Brian Kernighan: Geek of the Week

When anyone mentions 'Kernighan and Ritchie', we all know what they are referring to: that brief book that introduced the C language to programmers, and set a high standard for all subsequent books on computer languages. Now over thirty years later it is still in print and translated into over 20 languages, being required reading for undergraduates. We sent Richard Morris to interview Professor Brian Kernighan

Brian Kernighan’s name became widely known through co-authorship of the first book on the C programming language with Dennis Ritchie and maintains that C has still the best balance he’s ever seen between power and expressiveness in a computer language.

1033-brian_kpic.jpg

‘You can do almost anything you want to do by programming fairly straightforwardly and you will have a very good mental model of what’s going to happen on the machine; you can predict reasonably well how quickly it’s going to run, you understand what’s going on and it gives you complete freedom to do whatever you want. C doesn’t put constraints in your way, it doesn’t force you into using a particular programming style; on the other hand, it doesn’t provide lots and lots of facilities, it doesn’t have an enormous library, but in terms of getting something done with not too much effort, I haven’t seen anything to this day that I like better. There are other languages that are nice for certain kinds of applications, but if I were stuck on a desert island with only one compiler I’d want a C compiler.’

He began working with computers in the mid to late 1960s, and it was entirely by accident. He saw his first computer in 1963, an old IBM 650 but didn’t do any serious programming until the following year.

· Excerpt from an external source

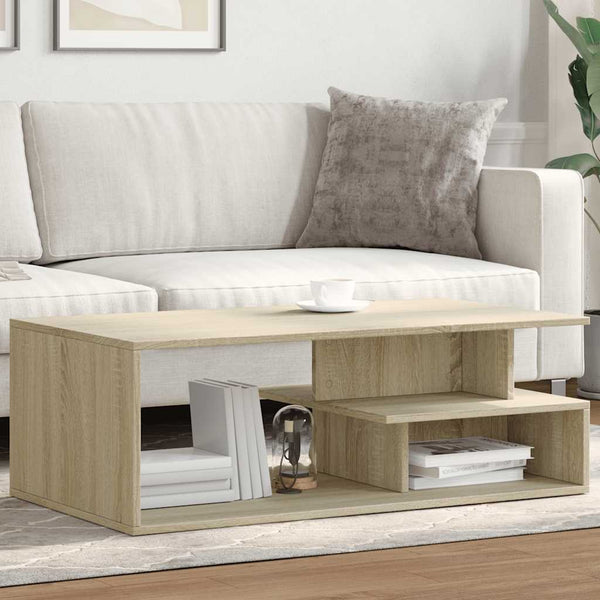 Sonoma Eiche Couchtisch, 102 cm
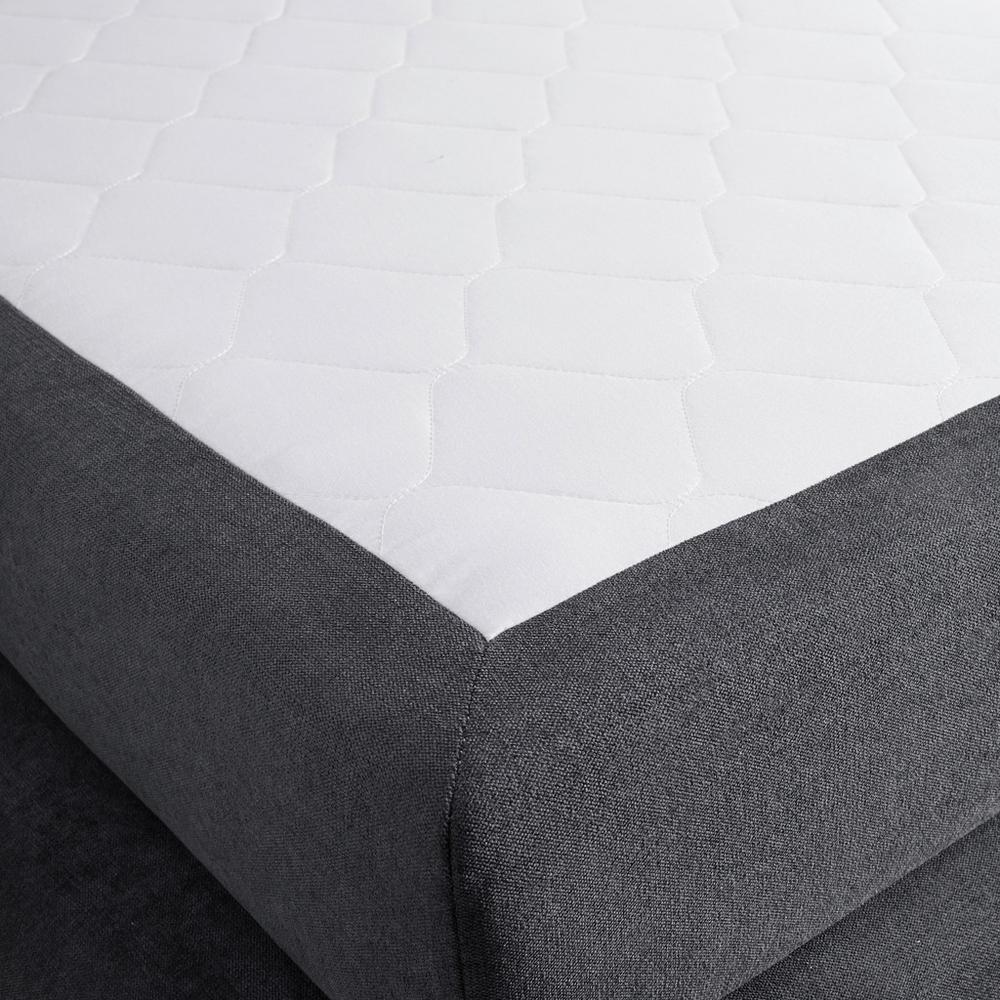 Postel Boxspring s topperem Bella, 180x200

‘When I went to graduate school there was a Computer Science program in the Electrical Engineering Department at Princeton. This was fairly typical of a lot of places: computer science was not a separate academic field it was just part of some department that might have a computer or people interested in computation, so I just backed into it, entirely by accident. This has been a lucky accident, because obviously the field has had a lot of interesting things happen.

“Much programming today
seems to involve gluing
together existing
components, using fairly
high level languages
with weak type systems…”

Dennis is also the coauthor of the AWK and AMPL programming languages (the ‘K’ in AWK  stands for ‘Kernighan) and in collaboration with Shen Lin he devised well-known heuristics for two NP-complete optimization problems: graph partitioning and the travelling salesman problem. He coined the term Unix in the 1970s as well as the expression ‘What You See Is All You Get (WYSIAYG)”, a sarcastic variant of the original ‘What You See Is What You Get’ (WYSIWYG). Kernighan’s term is used to indicate that WYSIWYG systems might throw away information in a document that could be useful in other contexts.

His ‘Software Tools’ series spread the essence of ‘C/Unix thinking’ with makeovers for BASIC, FORTRAN, and PASCAL and most notably his Ratfor (rational FORTRAN) was put in the public domain.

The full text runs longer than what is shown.